# [Exercise details]
Repeat the lines of the listing below exactly, starting at the line that contains "ジオコレ 1/150「漁港(B3)& 漁船(A)&" and running through the last line, both included, and only those.

# [Task material]
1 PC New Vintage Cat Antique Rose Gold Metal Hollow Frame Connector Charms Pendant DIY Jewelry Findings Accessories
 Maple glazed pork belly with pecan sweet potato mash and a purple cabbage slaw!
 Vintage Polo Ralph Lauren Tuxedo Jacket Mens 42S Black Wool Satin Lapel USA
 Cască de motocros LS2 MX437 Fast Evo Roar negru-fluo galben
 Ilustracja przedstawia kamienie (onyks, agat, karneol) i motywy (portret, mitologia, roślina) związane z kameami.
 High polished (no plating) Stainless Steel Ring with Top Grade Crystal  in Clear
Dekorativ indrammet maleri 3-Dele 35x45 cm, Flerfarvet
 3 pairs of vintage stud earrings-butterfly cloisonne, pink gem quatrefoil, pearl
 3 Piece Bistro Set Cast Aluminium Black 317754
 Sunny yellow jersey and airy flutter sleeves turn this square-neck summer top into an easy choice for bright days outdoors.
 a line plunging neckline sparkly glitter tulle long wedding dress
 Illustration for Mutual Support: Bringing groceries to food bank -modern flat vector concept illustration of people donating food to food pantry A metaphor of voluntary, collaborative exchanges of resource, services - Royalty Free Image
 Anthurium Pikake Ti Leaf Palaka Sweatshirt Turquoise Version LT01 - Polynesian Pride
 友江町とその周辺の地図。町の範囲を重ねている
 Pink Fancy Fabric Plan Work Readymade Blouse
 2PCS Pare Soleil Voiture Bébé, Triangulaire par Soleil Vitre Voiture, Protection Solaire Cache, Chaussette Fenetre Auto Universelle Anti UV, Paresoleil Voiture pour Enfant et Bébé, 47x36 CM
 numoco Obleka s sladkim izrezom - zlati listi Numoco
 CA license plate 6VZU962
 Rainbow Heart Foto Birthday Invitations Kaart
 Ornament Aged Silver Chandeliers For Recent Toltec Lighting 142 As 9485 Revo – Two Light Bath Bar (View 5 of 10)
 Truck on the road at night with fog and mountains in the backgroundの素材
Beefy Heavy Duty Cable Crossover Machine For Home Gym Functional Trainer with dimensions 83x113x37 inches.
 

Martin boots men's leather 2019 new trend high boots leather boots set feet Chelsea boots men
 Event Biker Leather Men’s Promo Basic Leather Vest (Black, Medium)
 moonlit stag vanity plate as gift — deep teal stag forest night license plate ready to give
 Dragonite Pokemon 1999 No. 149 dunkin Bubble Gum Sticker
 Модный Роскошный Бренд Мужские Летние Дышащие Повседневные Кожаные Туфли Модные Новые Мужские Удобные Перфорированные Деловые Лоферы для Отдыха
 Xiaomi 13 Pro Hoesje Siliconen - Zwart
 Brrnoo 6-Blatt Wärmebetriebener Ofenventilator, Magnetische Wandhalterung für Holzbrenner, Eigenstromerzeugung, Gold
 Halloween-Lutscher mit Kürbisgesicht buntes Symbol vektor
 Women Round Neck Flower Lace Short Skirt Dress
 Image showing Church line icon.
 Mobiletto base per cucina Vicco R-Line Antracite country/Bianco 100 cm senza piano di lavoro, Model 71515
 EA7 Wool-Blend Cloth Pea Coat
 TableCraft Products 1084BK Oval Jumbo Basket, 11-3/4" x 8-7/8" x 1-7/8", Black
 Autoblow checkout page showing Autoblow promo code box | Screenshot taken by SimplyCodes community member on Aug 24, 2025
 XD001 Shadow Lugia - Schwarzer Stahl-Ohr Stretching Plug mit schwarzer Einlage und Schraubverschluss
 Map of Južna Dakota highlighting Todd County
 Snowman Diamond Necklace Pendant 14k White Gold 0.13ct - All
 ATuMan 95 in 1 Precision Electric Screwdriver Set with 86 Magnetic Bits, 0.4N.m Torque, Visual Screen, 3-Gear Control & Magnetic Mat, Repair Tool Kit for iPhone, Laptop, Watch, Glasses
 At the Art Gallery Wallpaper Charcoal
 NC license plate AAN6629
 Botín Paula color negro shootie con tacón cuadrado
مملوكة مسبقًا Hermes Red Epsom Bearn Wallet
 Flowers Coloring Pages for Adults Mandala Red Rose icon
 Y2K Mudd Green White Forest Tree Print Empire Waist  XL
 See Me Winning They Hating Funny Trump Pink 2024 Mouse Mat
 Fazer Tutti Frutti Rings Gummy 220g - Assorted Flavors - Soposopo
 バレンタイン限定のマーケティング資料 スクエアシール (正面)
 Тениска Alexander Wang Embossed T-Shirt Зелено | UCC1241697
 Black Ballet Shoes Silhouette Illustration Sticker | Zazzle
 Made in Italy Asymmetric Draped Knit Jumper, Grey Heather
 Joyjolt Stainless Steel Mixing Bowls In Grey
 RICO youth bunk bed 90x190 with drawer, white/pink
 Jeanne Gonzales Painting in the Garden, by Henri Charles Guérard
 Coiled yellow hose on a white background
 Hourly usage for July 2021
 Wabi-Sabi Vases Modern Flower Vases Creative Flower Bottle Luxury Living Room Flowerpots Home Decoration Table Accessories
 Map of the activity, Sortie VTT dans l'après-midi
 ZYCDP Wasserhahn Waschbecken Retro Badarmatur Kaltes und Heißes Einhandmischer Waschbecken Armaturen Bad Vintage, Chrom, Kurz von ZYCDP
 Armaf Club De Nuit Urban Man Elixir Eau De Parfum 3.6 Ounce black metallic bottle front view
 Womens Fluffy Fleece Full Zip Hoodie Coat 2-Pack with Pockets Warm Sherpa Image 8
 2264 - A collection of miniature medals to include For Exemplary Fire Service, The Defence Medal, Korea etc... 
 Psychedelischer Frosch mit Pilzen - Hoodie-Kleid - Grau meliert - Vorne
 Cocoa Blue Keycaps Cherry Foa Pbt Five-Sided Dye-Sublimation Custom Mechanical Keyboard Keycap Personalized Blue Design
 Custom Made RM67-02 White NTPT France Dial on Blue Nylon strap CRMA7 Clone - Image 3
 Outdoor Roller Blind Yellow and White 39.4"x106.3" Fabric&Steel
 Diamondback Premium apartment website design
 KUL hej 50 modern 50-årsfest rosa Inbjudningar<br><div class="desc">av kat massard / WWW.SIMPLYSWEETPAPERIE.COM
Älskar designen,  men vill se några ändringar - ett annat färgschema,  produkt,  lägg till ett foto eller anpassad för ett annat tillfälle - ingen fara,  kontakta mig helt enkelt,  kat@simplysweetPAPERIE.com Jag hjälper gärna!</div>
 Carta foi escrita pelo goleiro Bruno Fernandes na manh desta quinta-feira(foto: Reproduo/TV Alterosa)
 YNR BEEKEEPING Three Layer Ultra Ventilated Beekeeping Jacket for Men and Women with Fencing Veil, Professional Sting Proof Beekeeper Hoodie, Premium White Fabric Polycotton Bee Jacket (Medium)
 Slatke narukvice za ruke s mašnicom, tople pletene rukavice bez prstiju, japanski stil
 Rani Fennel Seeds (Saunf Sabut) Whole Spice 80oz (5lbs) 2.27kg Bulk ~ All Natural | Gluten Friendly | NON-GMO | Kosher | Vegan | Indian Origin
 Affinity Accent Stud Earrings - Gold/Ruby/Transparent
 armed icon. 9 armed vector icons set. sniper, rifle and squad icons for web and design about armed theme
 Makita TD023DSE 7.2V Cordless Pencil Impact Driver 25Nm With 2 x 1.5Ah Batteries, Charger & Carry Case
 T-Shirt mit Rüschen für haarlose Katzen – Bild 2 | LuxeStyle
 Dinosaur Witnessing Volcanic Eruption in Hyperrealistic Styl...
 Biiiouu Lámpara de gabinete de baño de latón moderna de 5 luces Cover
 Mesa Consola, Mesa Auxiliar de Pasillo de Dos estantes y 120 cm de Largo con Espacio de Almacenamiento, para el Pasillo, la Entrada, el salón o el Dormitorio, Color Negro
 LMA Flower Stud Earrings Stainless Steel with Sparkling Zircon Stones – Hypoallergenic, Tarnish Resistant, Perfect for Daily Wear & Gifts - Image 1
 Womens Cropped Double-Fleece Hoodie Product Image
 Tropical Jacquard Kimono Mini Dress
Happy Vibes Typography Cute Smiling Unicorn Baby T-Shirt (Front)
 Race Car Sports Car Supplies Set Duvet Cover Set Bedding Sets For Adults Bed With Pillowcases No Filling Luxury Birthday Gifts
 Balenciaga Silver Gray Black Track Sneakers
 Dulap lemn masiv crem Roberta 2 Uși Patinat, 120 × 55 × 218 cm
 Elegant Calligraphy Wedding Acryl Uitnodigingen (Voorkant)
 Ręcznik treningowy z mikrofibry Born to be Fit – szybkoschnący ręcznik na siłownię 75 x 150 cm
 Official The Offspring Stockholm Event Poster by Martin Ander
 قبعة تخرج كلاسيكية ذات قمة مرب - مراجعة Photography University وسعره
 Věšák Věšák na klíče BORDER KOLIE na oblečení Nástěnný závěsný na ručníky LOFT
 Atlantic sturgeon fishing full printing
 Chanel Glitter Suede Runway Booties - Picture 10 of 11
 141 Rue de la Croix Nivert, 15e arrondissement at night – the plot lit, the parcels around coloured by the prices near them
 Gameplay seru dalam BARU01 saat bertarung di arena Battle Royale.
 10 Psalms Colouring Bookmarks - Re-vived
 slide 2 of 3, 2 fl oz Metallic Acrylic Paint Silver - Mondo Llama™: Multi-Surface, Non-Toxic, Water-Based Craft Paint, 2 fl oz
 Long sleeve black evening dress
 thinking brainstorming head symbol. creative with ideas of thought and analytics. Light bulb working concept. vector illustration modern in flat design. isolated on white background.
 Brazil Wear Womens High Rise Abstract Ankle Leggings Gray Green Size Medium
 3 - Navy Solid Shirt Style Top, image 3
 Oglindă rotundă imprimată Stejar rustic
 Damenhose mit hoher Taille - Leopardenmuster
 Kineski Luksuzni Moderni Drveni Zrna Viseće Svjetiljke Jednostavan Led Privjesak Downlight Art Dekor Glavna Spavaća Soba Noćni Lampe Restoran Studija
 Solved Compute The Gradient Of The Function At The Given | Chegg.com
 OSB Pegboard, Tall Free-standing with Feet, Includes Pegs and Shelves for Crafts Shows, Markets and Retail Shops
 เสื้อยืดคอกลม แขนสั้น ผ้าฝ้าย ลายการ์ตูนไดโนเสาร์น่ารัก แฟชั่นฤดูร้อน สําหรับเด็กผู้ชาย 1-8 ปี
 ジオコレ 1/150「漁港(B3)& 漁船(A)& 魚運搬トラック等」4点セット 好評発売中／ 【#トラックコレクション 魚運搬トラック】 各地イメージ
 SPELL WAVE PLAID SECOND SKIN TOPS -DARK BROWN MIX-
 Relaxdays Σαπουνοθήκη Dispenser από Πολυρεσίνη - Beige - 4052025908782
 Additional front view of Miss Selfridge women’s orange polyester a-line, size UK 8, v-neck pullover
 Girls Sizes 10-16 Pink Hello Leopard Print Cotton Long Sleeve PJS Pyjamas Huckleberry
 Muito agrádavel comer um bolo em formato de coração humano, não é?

# [Output]
 ジオコレ 1/150「漁港(B3)& 漁船(A)& 魚運搬トラック等」4点セット 好評発売中／ 【#トラックコレクション 魚運搬トラック】 各地イメージ
 SPELL WAVE PLAID SECOND SKIN TOPS -DARK BROWN MIX-
 Relaxdays Σαπουνοθήκη Dispenser από Πολυρεσίνη - Beige - 4052025908782
 Additional front view of Miss Selfridge women’s orange polyester a-line, size UK 8, v-neck pullover
 Girls Sizes 10-16 Pink Hello Leopard Print Cotton Long Sleeve PJS Pyjamas Huckleberry
 Muito agrádavel comer um bolo em formato de coração humano, não é?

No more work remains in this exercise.